*** Material for this task Section Begins ***

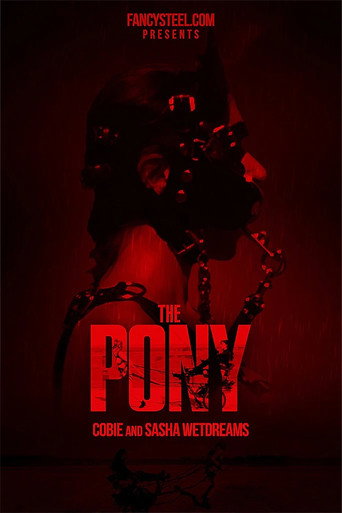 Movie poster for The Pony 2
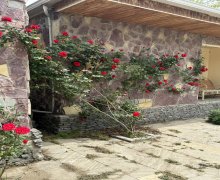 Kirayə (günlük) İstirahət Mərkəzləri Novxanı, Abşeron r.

*** Material for this task Section Ends ***
*** Material for this task Section Begins ***

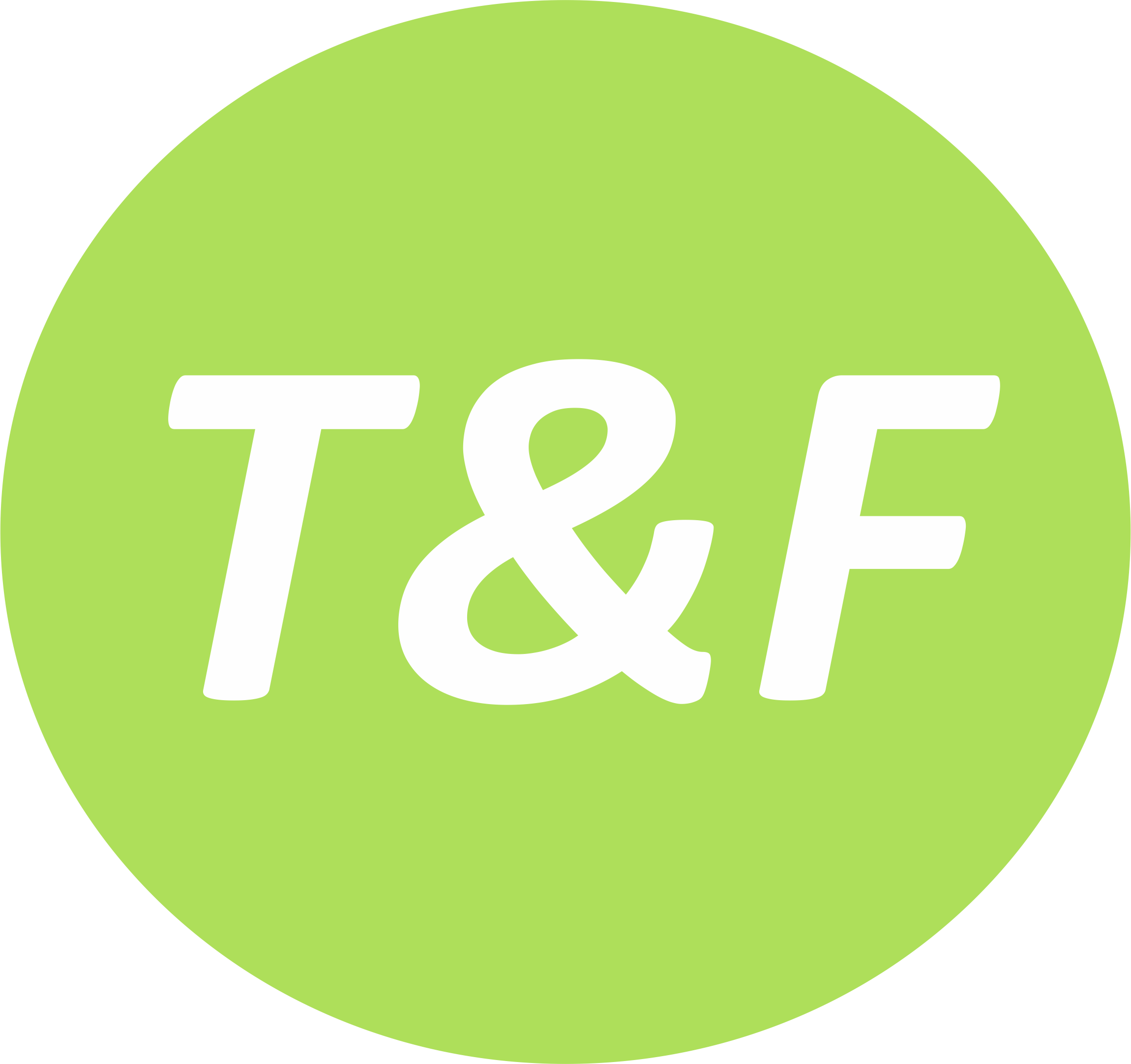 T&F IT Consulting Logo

*** Material for this task Section Ends ***

◆ Instructions to follow ◆
Exact repeat of the material above: every line from the one with "Movie poster for The Pony 2" through the one with "Kirayə (günlük) İstirahət", endpoints included, and nothing more. No pictures.

◆ Exercise result ◆
 Movie poster for The Pony 2
 Kirayə (günlük) İstirahət Mərkəzləri Novxanı, Abşeron r.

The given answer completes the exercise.